Files

GitHub Actions 3f06fe850f fix: address post-rebuild issues with CrowdSec and Live Logs

- Issue 1: Corrected CrowdSec status reporting by adding `setting_enabled` and `needs_start` fields to the Status() response, allowing the frontend to accurately reflect the need for a restart.
- Issue 2: Resolved 500 error on stopping CrowdSec by implementing graceful handling of missing PID files in the Stop() method, with a fallback to process termination via pkill.
- Issue 3: Fixed Live Logs disconnection issue by ensuring the log file is created if it doesn't exist during LogWatcher.Start() and sending an immediate WebSocket connection confirmation to clients.
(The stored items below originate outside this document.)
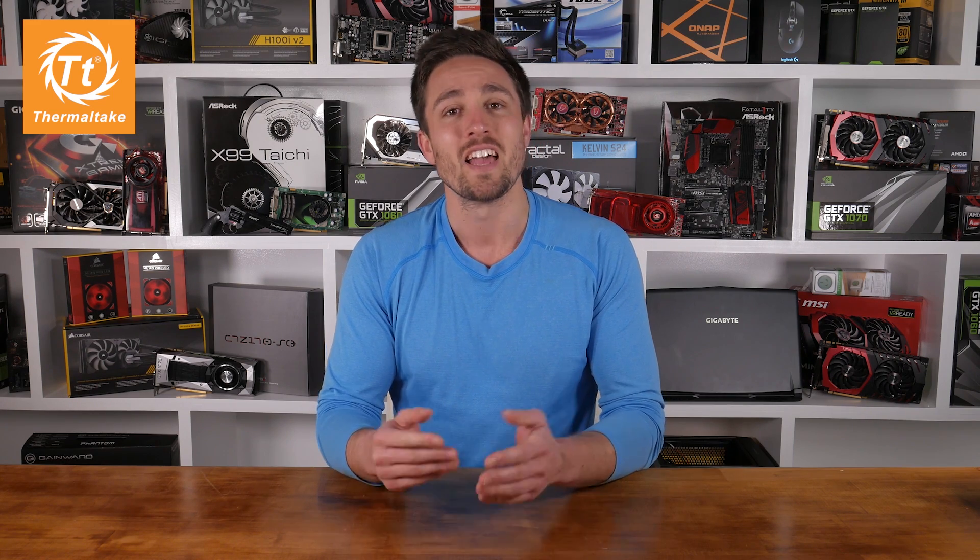How would you like to win your very own Thermaltake Core P3? In partnership with Thermaltake, I'm giving away three of these beautiful, awesome cases. To enter, sign up at our forum at hardwareunbox.com, post a picture of your current rig, your specs, and quickly tell me what you want to do with the Core P3. Good luck and enjoy the video.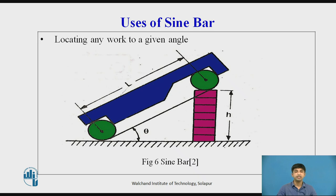Uses of Sine Bar – Locating work to a given angle: One roller of the sine bar is placed on the surface plate (assumed perfectly flat) and a combination of slip gauges is inserted under the second roller. Let H be the height of the slip gauge combination and θ the angle to be set. Then sin θ = H / L, where L is the distance between roller centers. For better results, both rollers can be placed on slip gauges of heights H1 and H2 respectively, giving sin θ = (H1 − H2) / L.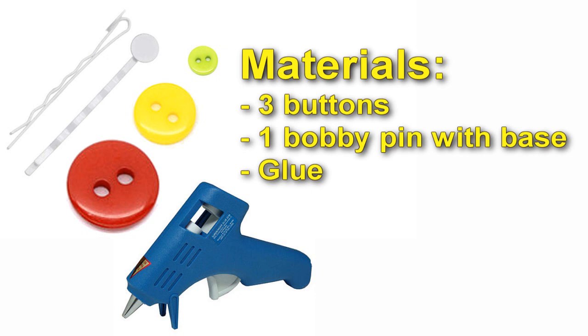Materials: three buttons, one bobby pin with base, and glue.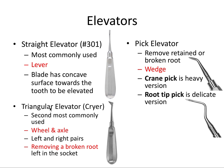The triangular elevator refers to the shape of the blade. This is the Cryer elevator — an important name to know for the board exam. It's the second most commonly used elevator and it functions as a wheel and axle, turned about its axle so the triangular shape can engage the tooth. It has left and right pairs and is particularly useful for removing a broken root left in a socket — especially a single broken root of a mandibular molar. Definitely know that for the board exam.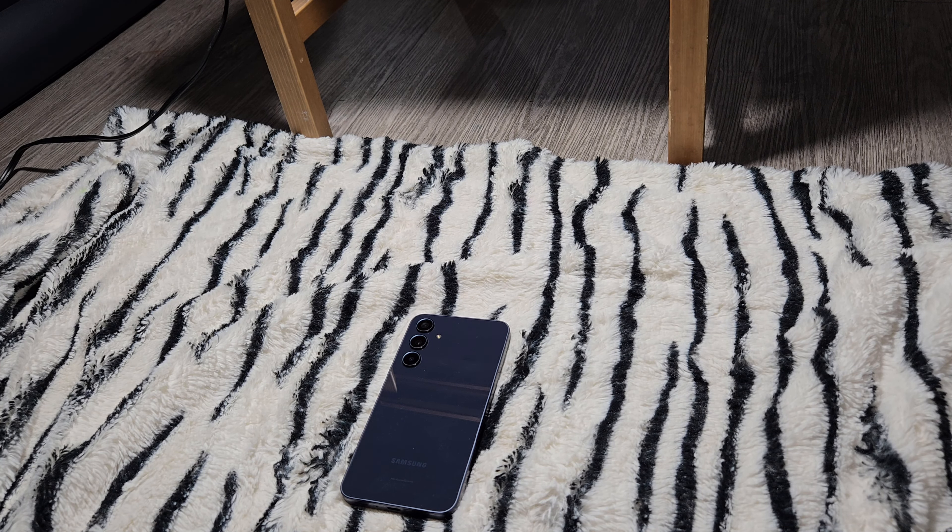Hello everyone, I hope you guys are doing okay. Today I got one budget device which is Samsung Galaxy A35 5G, and we will just go through a little bit about the design, how it looks like, and a little bit about how it compares to the flagship devices like the S24 Ultra and Z Fold 6.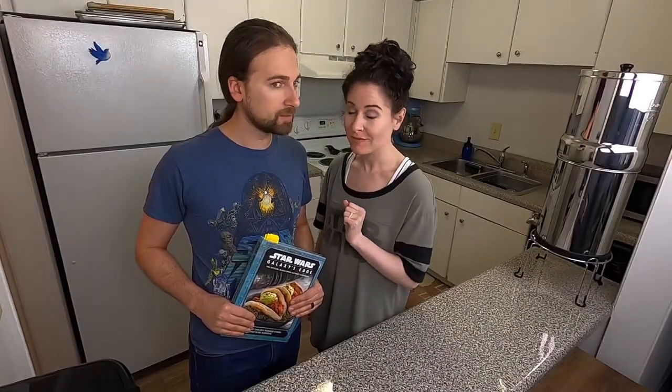Blue or blue not, there is no chai without banthas. In other words, we're making blue bantha chai.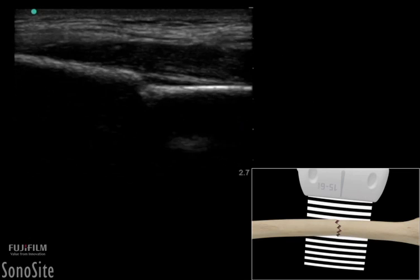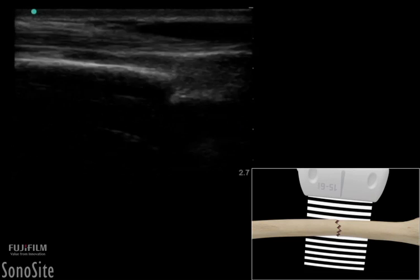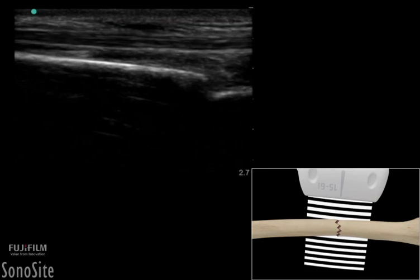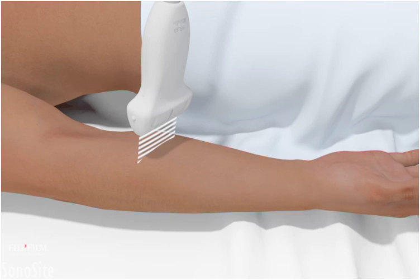A linear array transducer with a musculoskeletal exam type is used to perform an ultrasound examination of a long bone fracture. The patient is in a comfortable position to allow access to the injured area.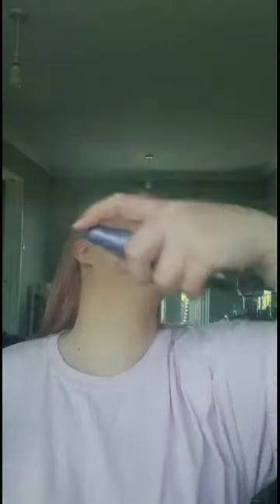Before I do my lips, I like to spritz. I'm going to be using the Urban Decay All Nighter setting spray, and I'm very generous with it. I don't have one of those fancy fans yet to help dry it quicker, but in the meantime while that's drying, I'm going to be choosing my lipstick and I'll come back and show you the combination.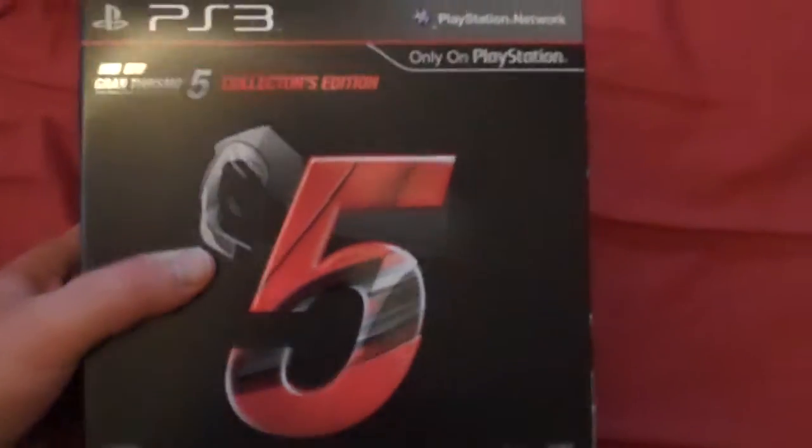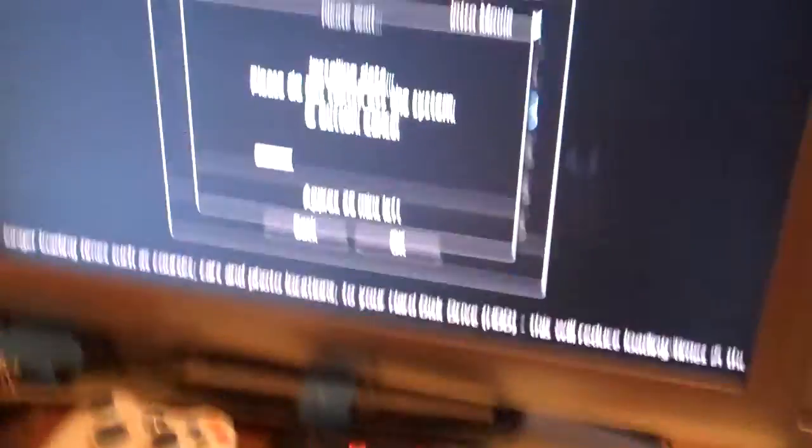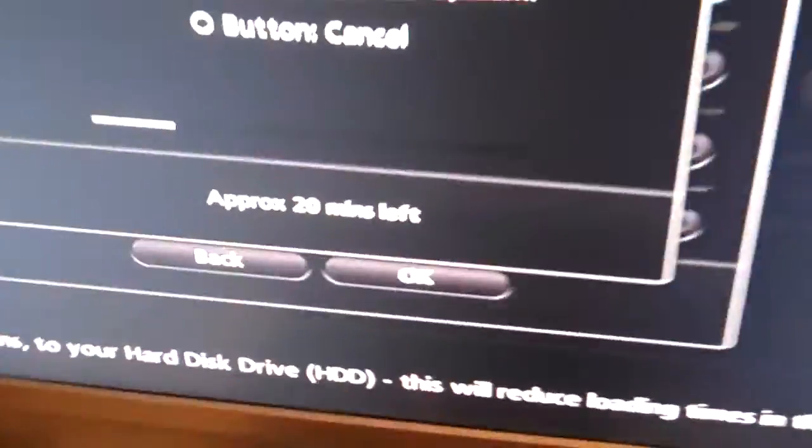This is the Grand Turismo 5 Collector's Edition. Right now I'm installing it — 20 minutes left. It's like an 8GB install, and of course when you boot it up there's a 128MB download patch you have to do.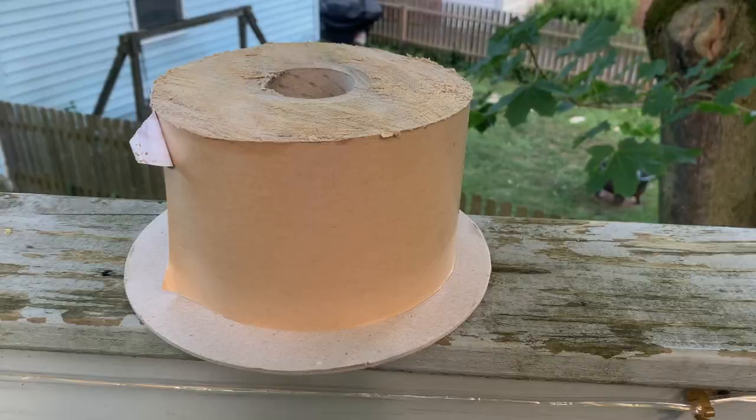Welcome back everyone to the Bucks County Conservation District's Backyard Vegetable Gardening web series. Last week we went over all the information you need to understand the invasive spotted lanternfly as well as identify them during each of their life phases. Today I'm going to show you two different types of traps you can install in your backyard that are excellent for catching spotted lanternfly nymphs.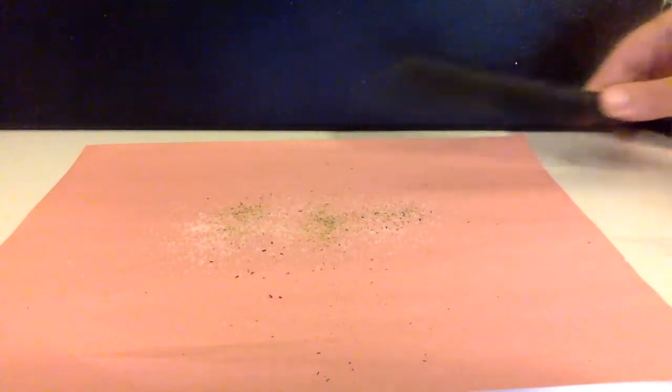Wow! And there you have it, folks — jumping pepper. And the reason that works, the reason the pepper jumps and the salt stays put, is because the salt is a little bit heavier. And the static electricity helps push the pepper up and away. And it's pretty neat if you ask me.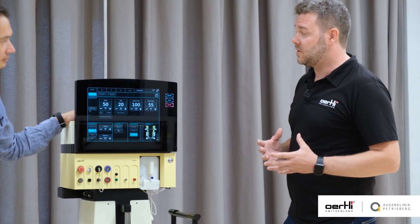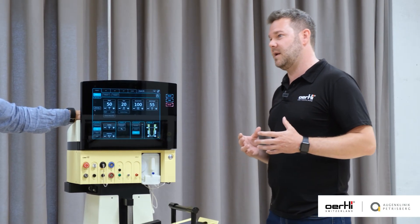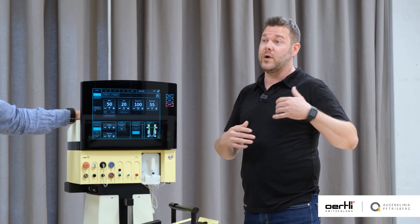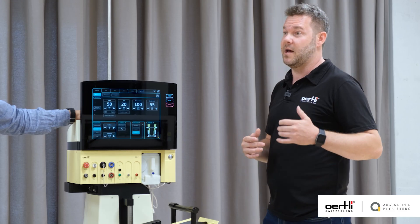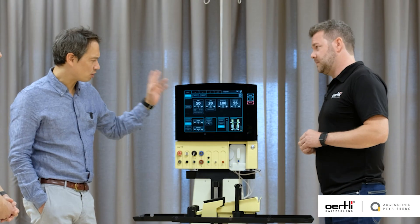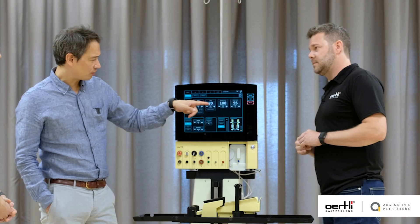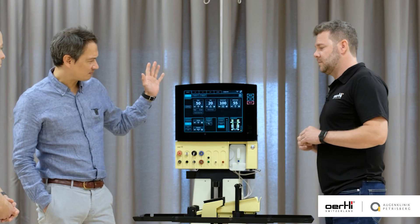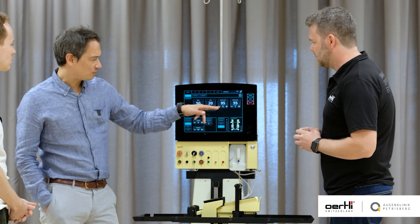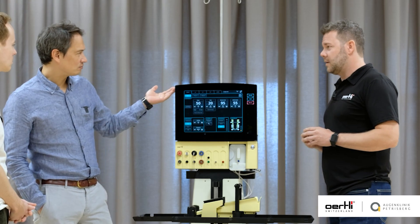Usually with the EasyFACO technology, the approach is that we use a little bit higher settings than the average in the market, because those things just make the fluidics and the physics work a little bit better for us. We have a very conservative FACO 1 mode for the groove — very low flow with 20, starting at 100 millimetres of mercury with the vacuum — that's what we use to groove.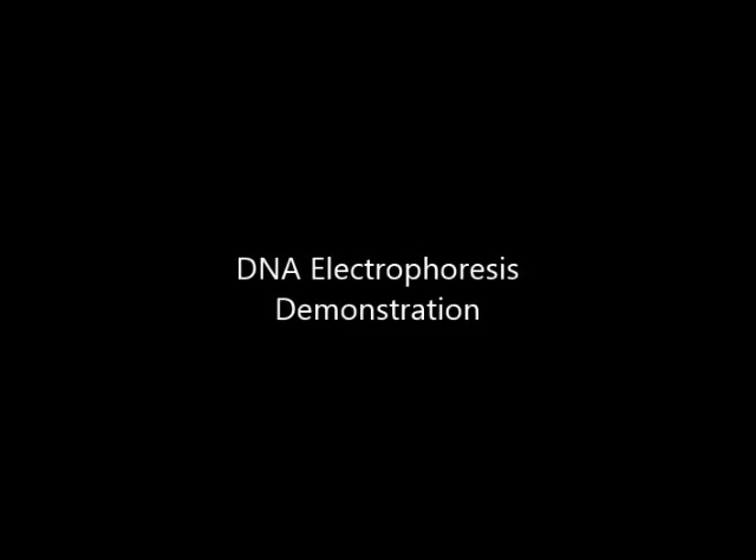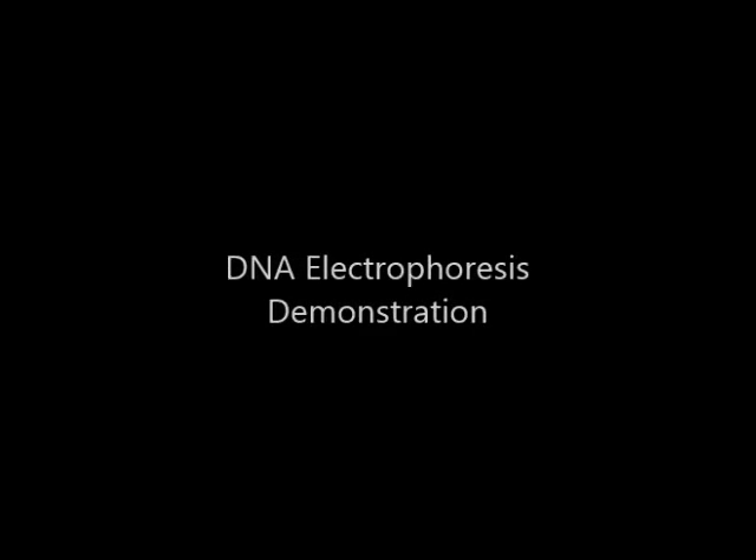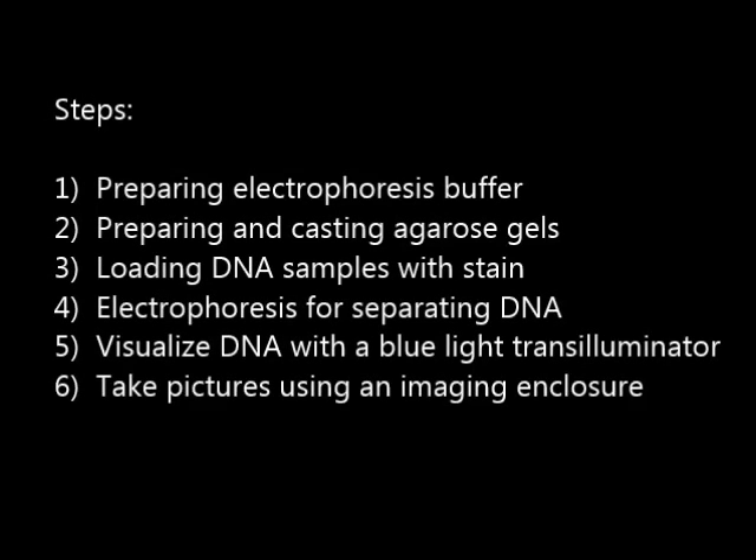In this video we're going to demonstrate the basic process of DNA electrophoresis. Steps will include preparing electrophoresis buffer, preparing and casting agarose gels, loading the DNA samples with a fluorescent stain, using electrophoresis for separating the DNA, using a blue light transilluminator for visualizing the DNA in the gel, and finally taking pictures using an imaging enclosure.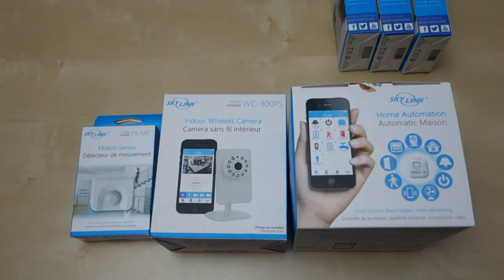Hey guys, it's Johnny Tech Review. Today I have a quick unboxing and review for you of the Skylink home security system.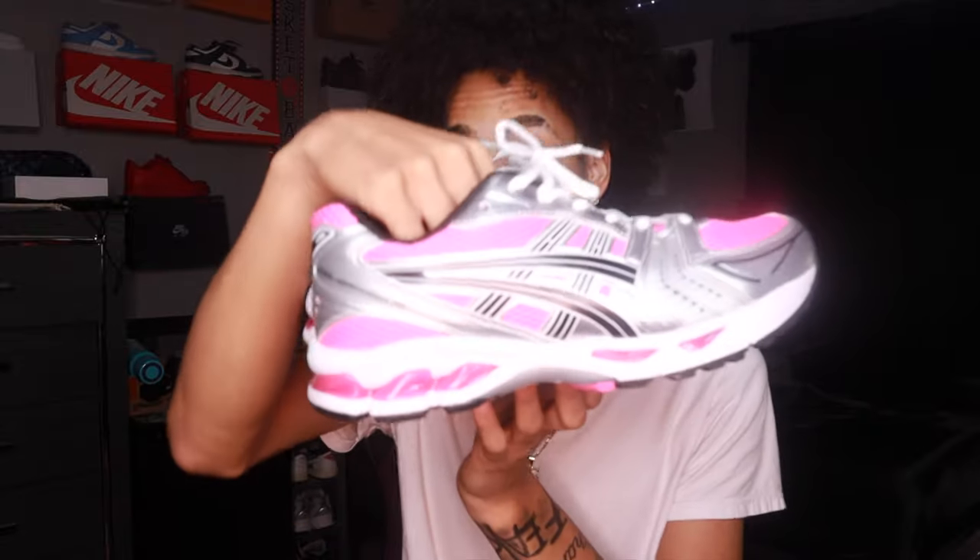No wonder these things were trending. And the comfortability — the way these are comfortable, boy, better stop playing with these. If y'all watched my back-to-school video, I said I was gonna get a pair of these shoes — well I got them, and it was worth every penny spent, best believe.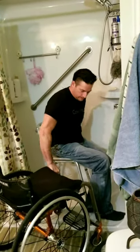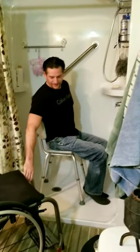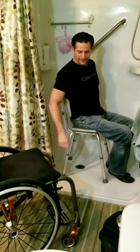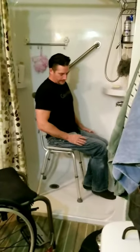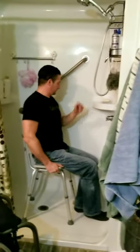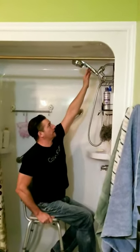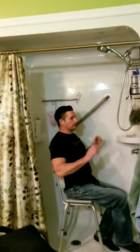Just like that. Then I put the shower chair in the shower and close the curtain and I'm ready to shower. I sit high enough in my bench where I can reach my shaving kit and the shower controls.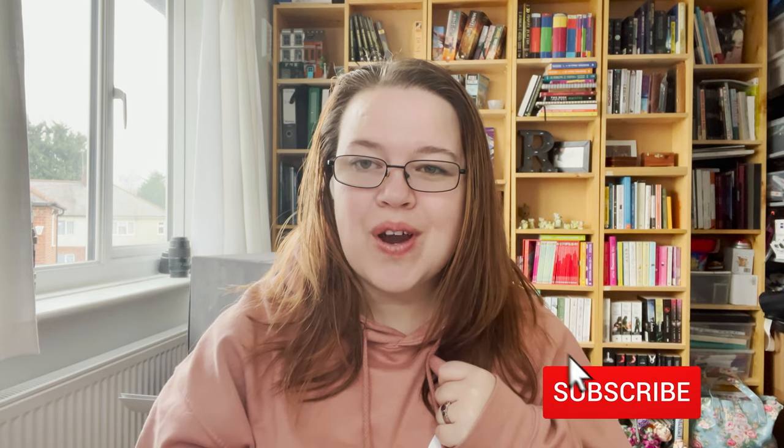I'd love to know which of these tips helped you the most and which lighting style you'd most likely choose. As always, we appreciate you, so make sure you hit that subscribe button because we do regular giveaways and fun stuff which you don't want to miss. We'll see you next time.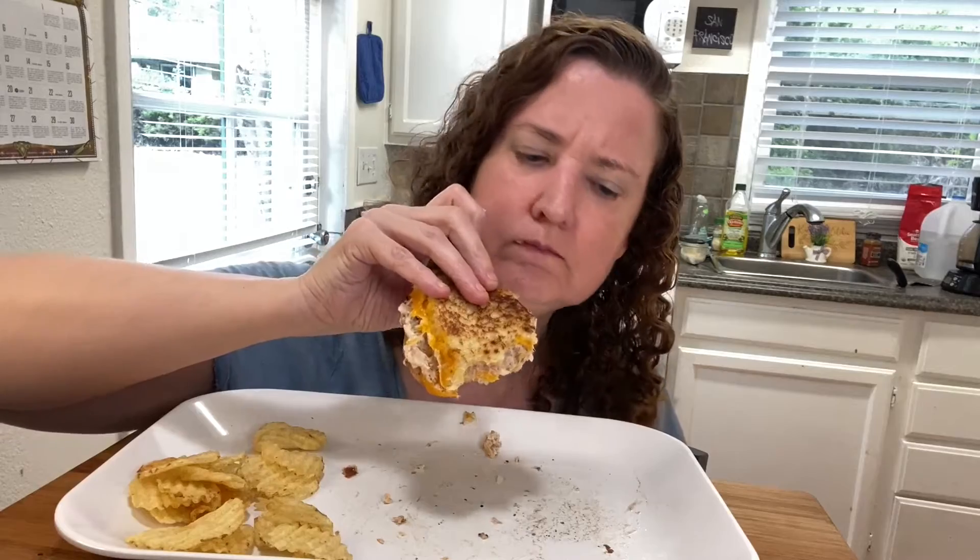This sourdough bread is so big it's basically like two sandwiches. All right guys, I think I'm gonna end the video here — I'm really full and I don't want to eat too much before work tonight. I hope you enjoyed this video. See you next video, peace!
These changes enhance the robustness of the application in handling container restart scenarios.

2025-12-15 07:30:35 +00:00

13 KiB

Raw Blame History

Fix Plan: Critical Issues After Docker Rebuild

Date: December 14, 2025 Status: Planning Phase Priority: P0 - Urgent

Issue Summary

After a Docker container rebuild, three critical issues were identified:

500 error on CrowdSec Stop() - Toggling CrowdSec OFF returns "Failed to stop CrowdSec: Request failed with status code 500"
CrowdSec shows "not running" - Despite database setting being enabled, the process isn't running after container restart
Live Logs Disconnected - WebSocket shows disconnected state even when logs are being generated

Root Cause Analysis

Issue 1: 500 Error on Stop()

Location: crowdsec_exec.go

Root Cause: The Stop() method in DefaultCrowdsecExecutor fails when there's no PID file.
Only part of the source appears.